What to do: Every line from the one containing "Pabriz - Engineering" through the end of the listing below goes in the output, exactly and without pictures.
**** Input data ****
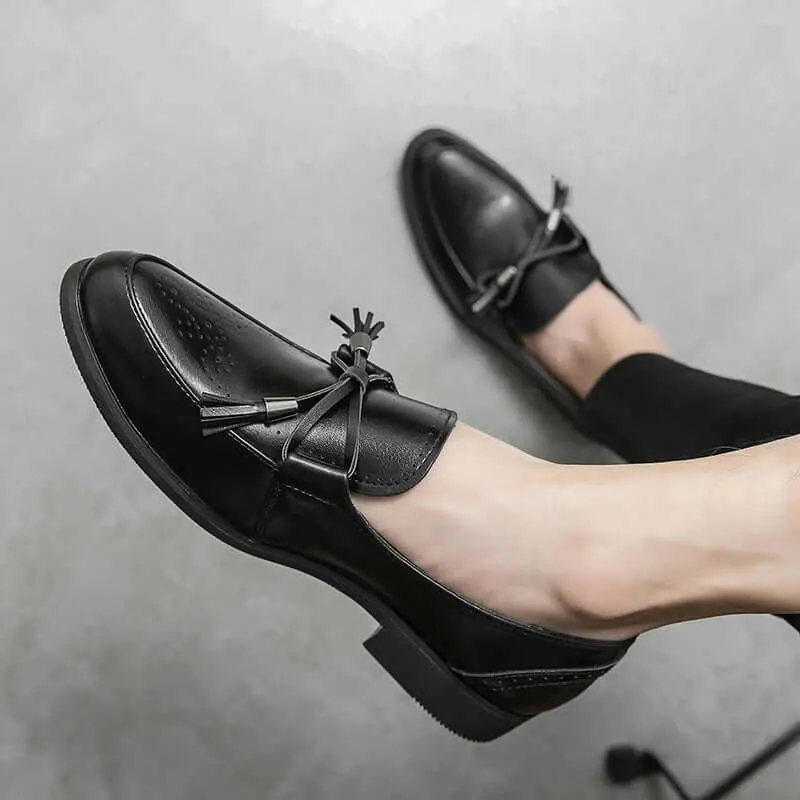 Men's Leather Tassel Loafers with Pointed Toe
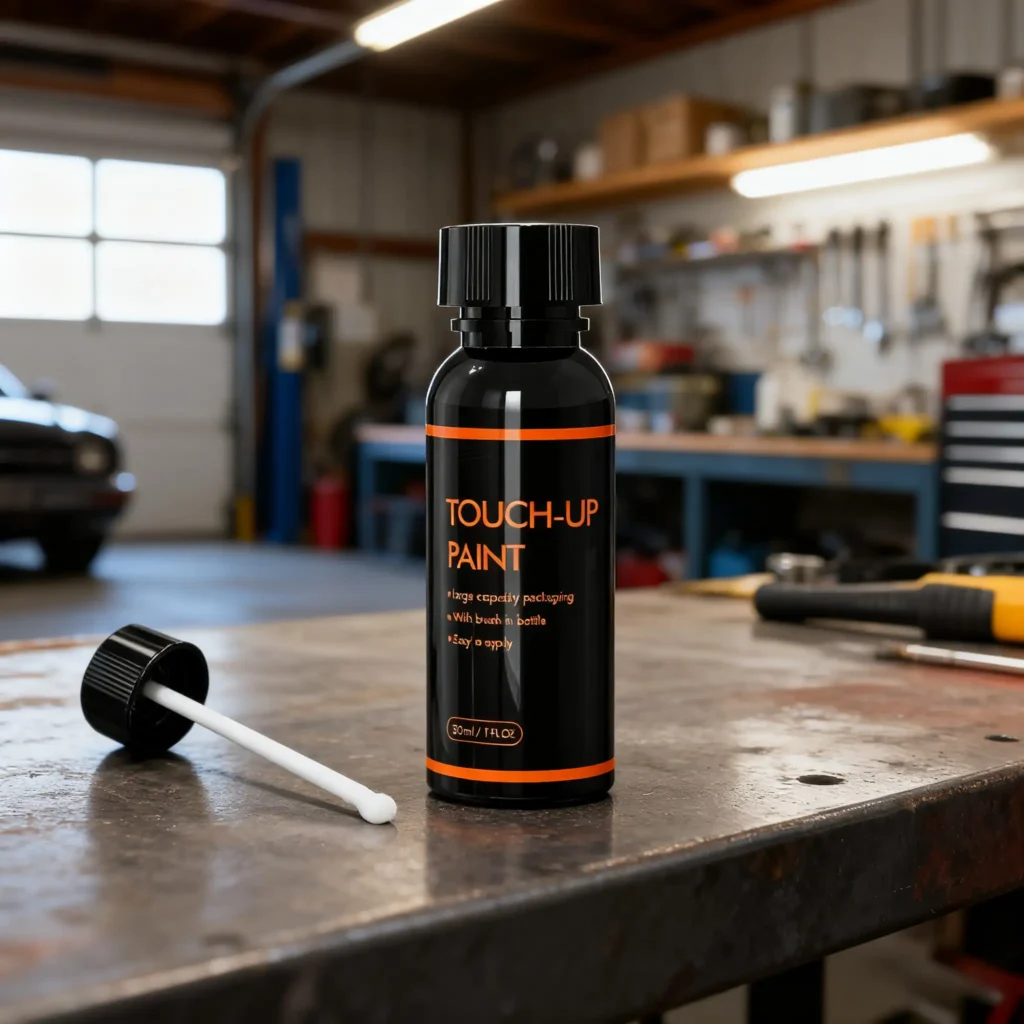 The Ultimate Honda Paint Pen Guide: Repair Scratches in Just 15 Minutes 6 Close-up of a car paint repair kit showing paint bottles, applicators, and tools for DIY scratch repair.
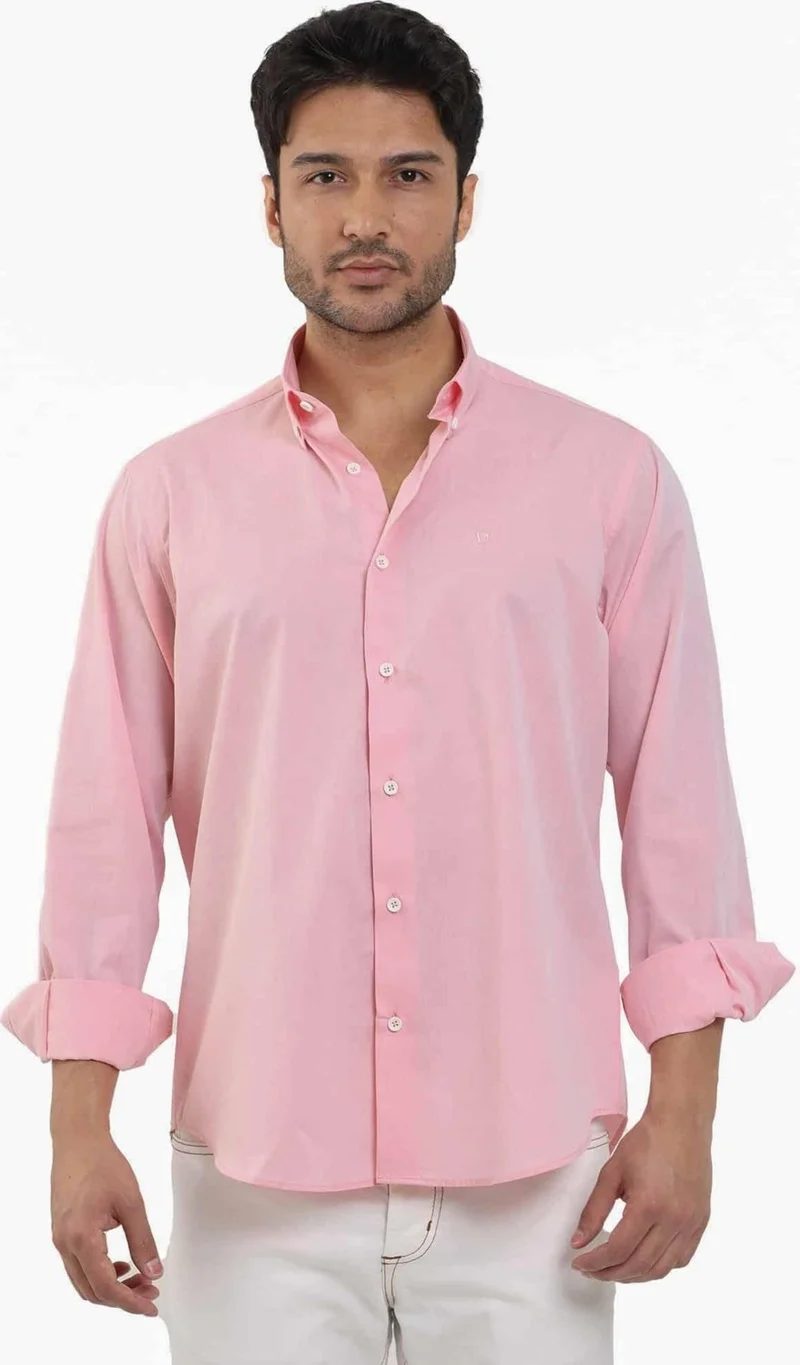 Light Red Men's Regular Fit Plain Brent Button Collar Long Sleeve Shirt - 102219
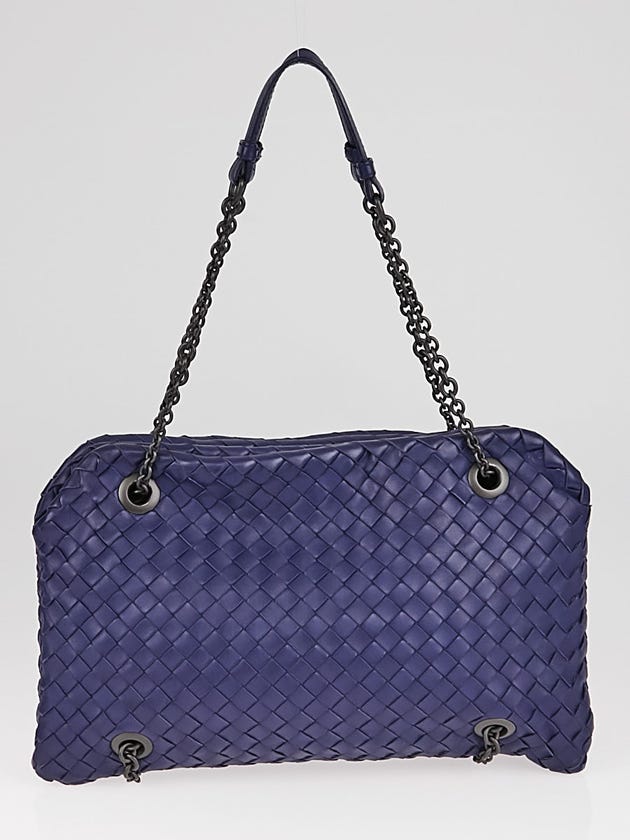 Bottega Veneta Blue Intrecciato Woven Nappa Leather Duo Bag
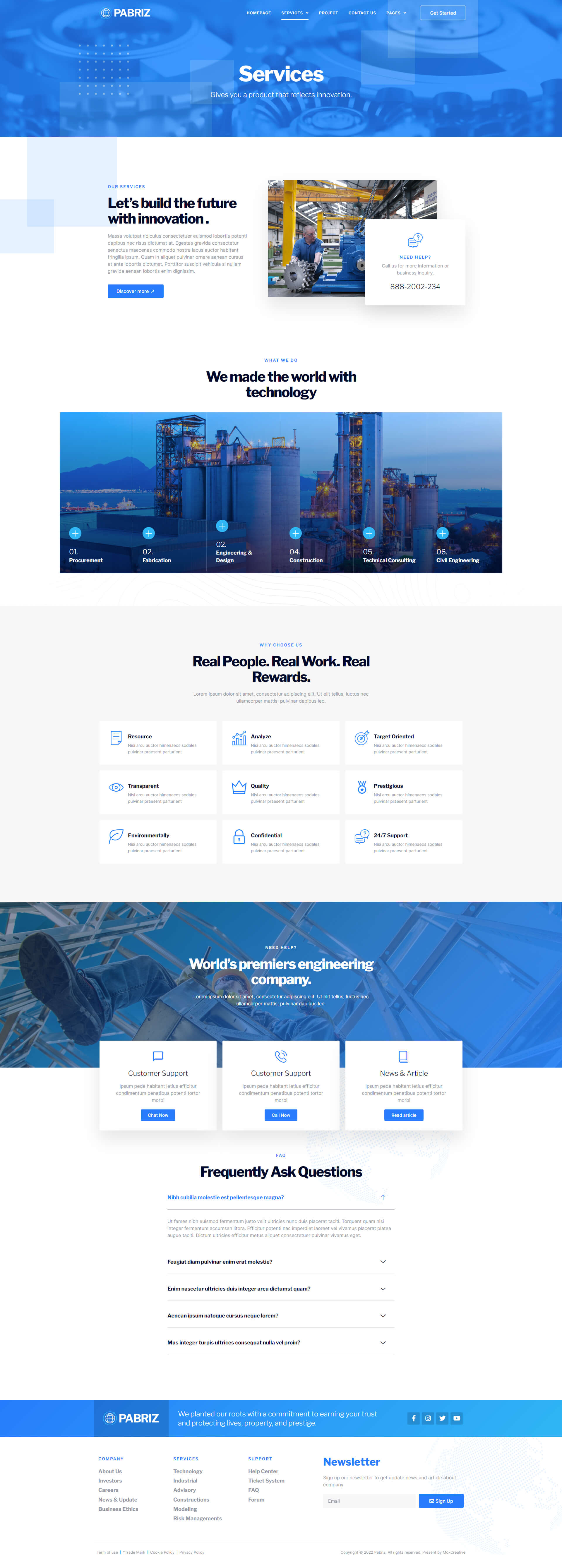 Pabriz - Engineering And Industrial Service Elementor Template Kit - WordpreDownload.COM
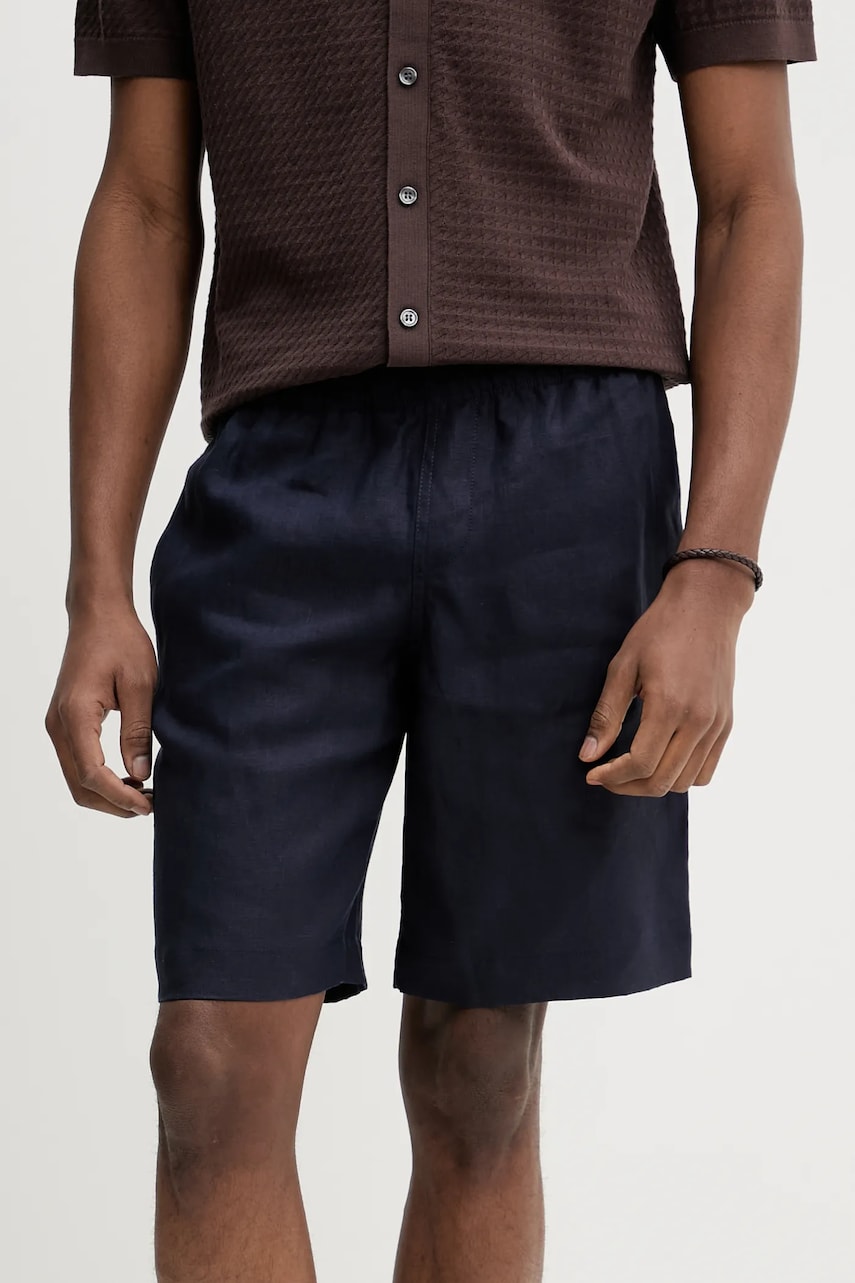 ZADIG&VOLTAIRE pantaloni scurți din in culoarea bleumarin, WMBS01061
****
Result of the task:
 Pabriz - Engineering And Industrial Service Elementor Template Kit - WordpreDownload.COM
 ZADIG&VOLTAIRE pantaloni scurți din in culoarea bleumarin, WMBS01061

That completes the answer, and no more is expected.